Excellent post, Lynne. That’s a subject that has been a challenge for me on a couple of books, and I never would have thought about the guide book–brilliant! I will definitely keep that in mind, and as far as I’m concerned, the price will be well worth having my story be authentic. Thanks for sharing!
You bet, Melissa! 🙂
When I needed information about Guatemala, I asked other authors who had been there and they gave me great info. I also found a blogger who was born there, lived in the United States, and was back living there. She helped me get things authentic and was my sensitivity reader. Just as I have a person who lives on the Reservation my character in my Shandra Higheagle Mysteries visits often, who helps me with sensitivity issues and makes sure I stay true to the lifestyle there.
Knowing a local is the gold standard, Paty. 🙂 Thanks!
Thank you for the handy ideas on researching locations.
I also found historic maps online, in my new civil war novel. Here’s another tip for creating the setting: I Googled the years prior to and during my story for historical events for figures my characters might know or mention in conversation. I used an Almanac to get the area weather right for that time of year and the plants proper growing season. I used the correct sunrise and sunset time in my story to help set some scenes. Determining the temperatures identified the types of clothing my characters wore. For example, in one crucial night scene, I included the correct half-moon phase for my characters to have just enough light to see something happen and then have a cloud momentarily block the moonlight so someone else could escape. I hope this helps someone.
May I add to your suggestions Lyn by saying that the most important of all your excellent list is that one about talking to people who have been there. That’s the way you’ll find out about scents and sound which make the reader feel they are in the place.
Reading a general history book of the place can really help too.
I have winced over Indie books with Victorian morning calls at 10 a.m., decimal currency used before decimalisation and an Australian summer in June, with cars on the right in New Zealand and Japan! (You don’t cross the road to make a left hand turn when you drive on the left!)
LoL I love your comment about the cars, oh so true. Also, authors often mess up on distances, the other year, I stopped reading a book on the second page when the protagonist raced from Washington DC to New York City in two hours, without stopping to pay tolls on the Jersey Turnpike or else where LoL.
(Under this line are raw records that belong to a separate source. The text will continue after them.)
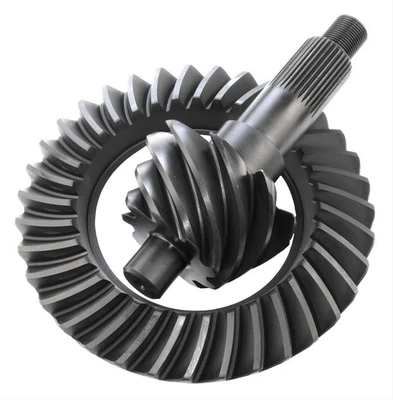 Richmond Gear Gear Ring and Pinion 3.89:1 Ratio Ford 9 in. Set 79-0043-1 Foto 1 de 3
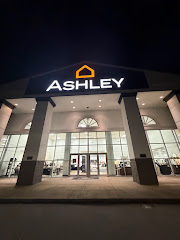 Ashley Store logo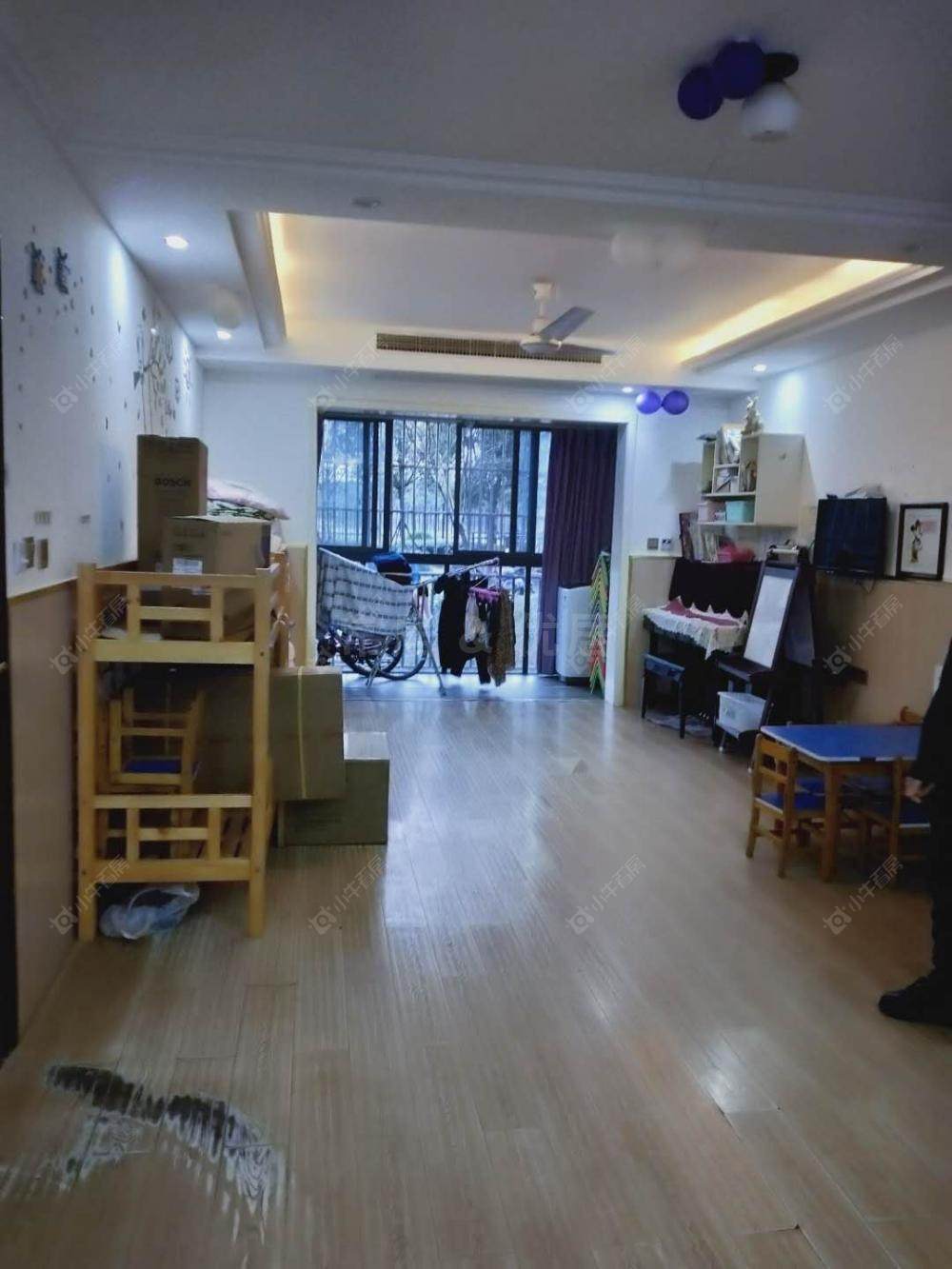 常州春江人家在售二手房_小牛看房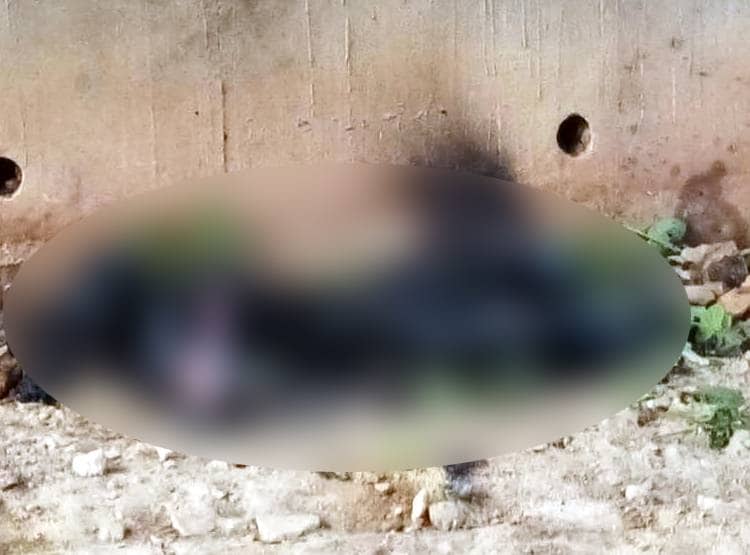 सुनसान जगह पंक्चर हुई लेडी डॉक्टर की स्कूटी, सुबह मिली जली लाश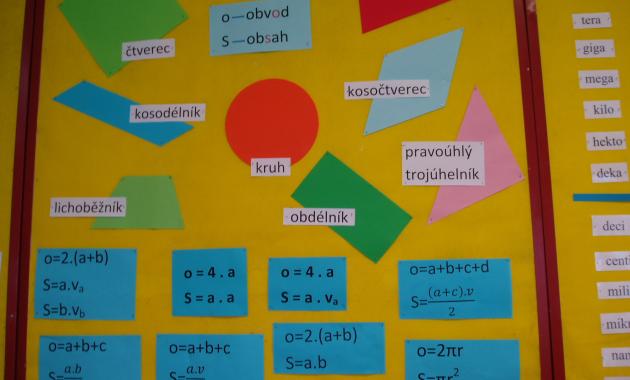 Matematick&aacute;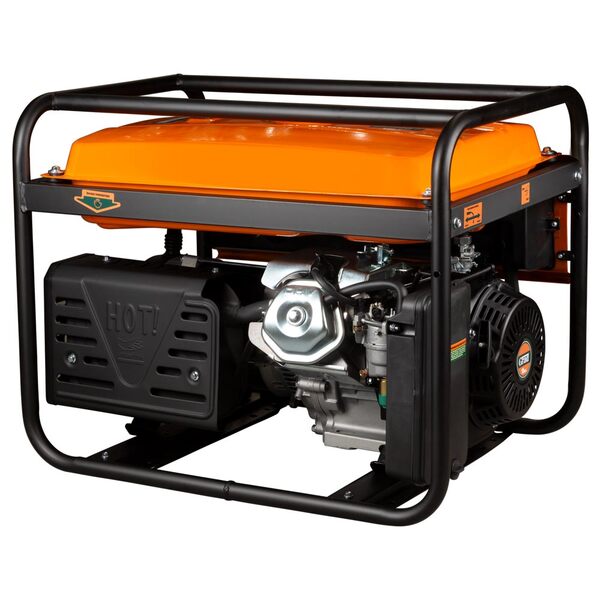 Генератор бензиновый GRAD SG-5710985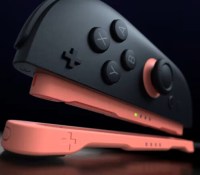 Un mode « souris » sur la Nintendo Switch 2 ? C&rsquo;est ce que ces images semblent montrer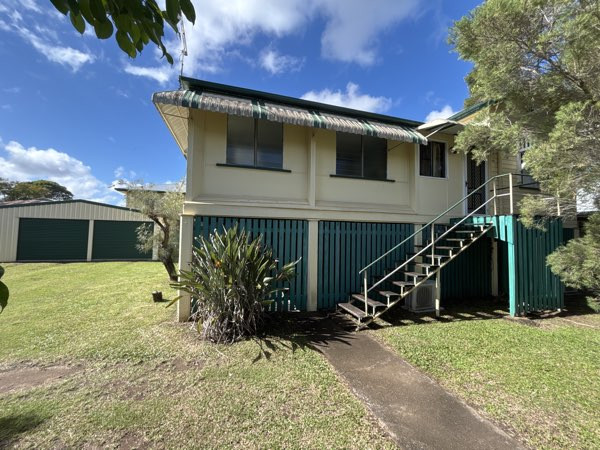 55 Saltwater Creek Rd, Maryborough, QLD 4650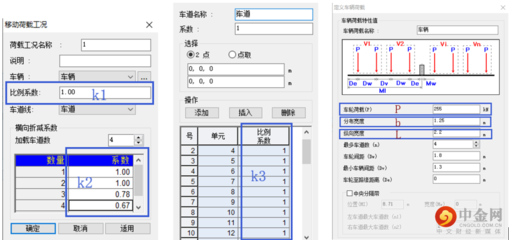 邁達(dá)斯軟件怎么樣（巖土領(lǐng)域分析） 裝飾工裝施工 第5張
I’ve been using Google Earth and Google Maps, including the Street View feature, for some years now. At least from the visual angle, it’s almost like being there. But there is a lot it can’t tell you, so thank you and those who commented for the additional suggestions. Much appreciated!
My current wip takes place in 1685, a small market town in Kent, England. Using Google, I discovered the town’s historical society website with a wealth of information and photos, Unfortunately cameras were not around in the 17th century.
If you are looking for some excellent historical background and perspective, check out Peter Ackroyd’s history of England series, especially the 1st two books “Foundation” and “The Tudors” among other books by him.
But there are a lot of paintings from that period, so looking through art history books and visiting art museums could be helpful.